The user's request to move data is passed from the interface to the DM Daemon in a create job request. DM is designed to handle multiple create job requests at the same time however there are limitations. The create job requests shares a queue on the JMS bus with all other incoming requests including requests to start jobs (which we'll get to in a minute), requests to show a list of existing jobs, requests to show job status, requests to edit configuration information, etc. The DM Daemon has a thread pool dedicated to consuming these messages from the queue. However, this JMS thread pool has a limited number of threads available so requests are subject to a wait time if lots of requests are being submitted around the same time. There is currently no method for users to modify DM's capacity in this area. If users are expected a high volume of requests, they are encourage to consider throttling the request submission rate to avoid a traffic jam in this area.
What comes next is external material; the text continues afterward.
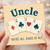 Uncle Card, You're All Kinds of Ace Playing Card Design Greeting Card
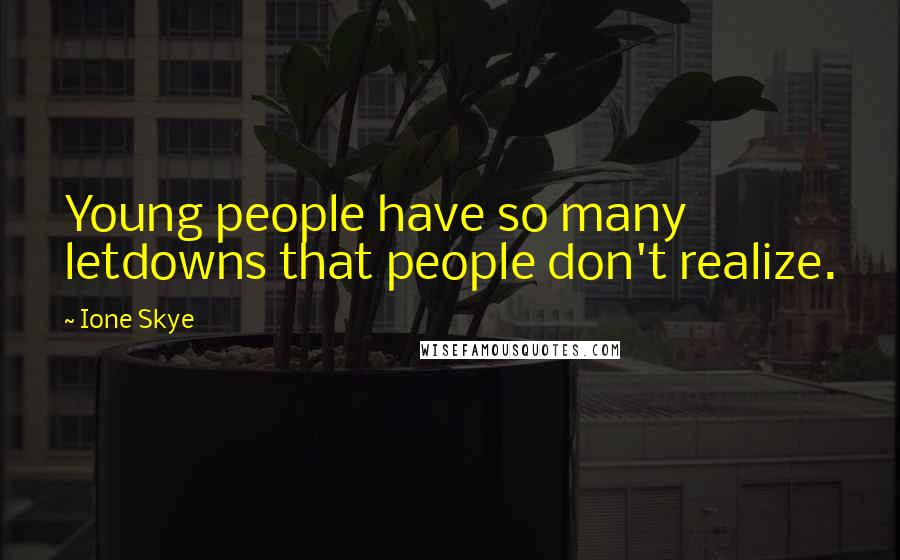 Ione Skye Quotes: Young people have so many letdowns that people don't realize.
Phase 2: Request Becomes a Job
Once the DM Daemon receives the request, the request is passed off from a thread in the DM Daemon's JMS thread pool to another internal pool of threads referred to as the Command Thread Pool. In this case, the thread from the Command Thread Pool is responsible for taking the create job request and using that to create a job. The Command Thread Pool is limited in size (currently 20) so the create job request may have to wait here until a Command Thread Pool thread becomes available. There is no current method for the user to modify the size of the Command Thread Pool.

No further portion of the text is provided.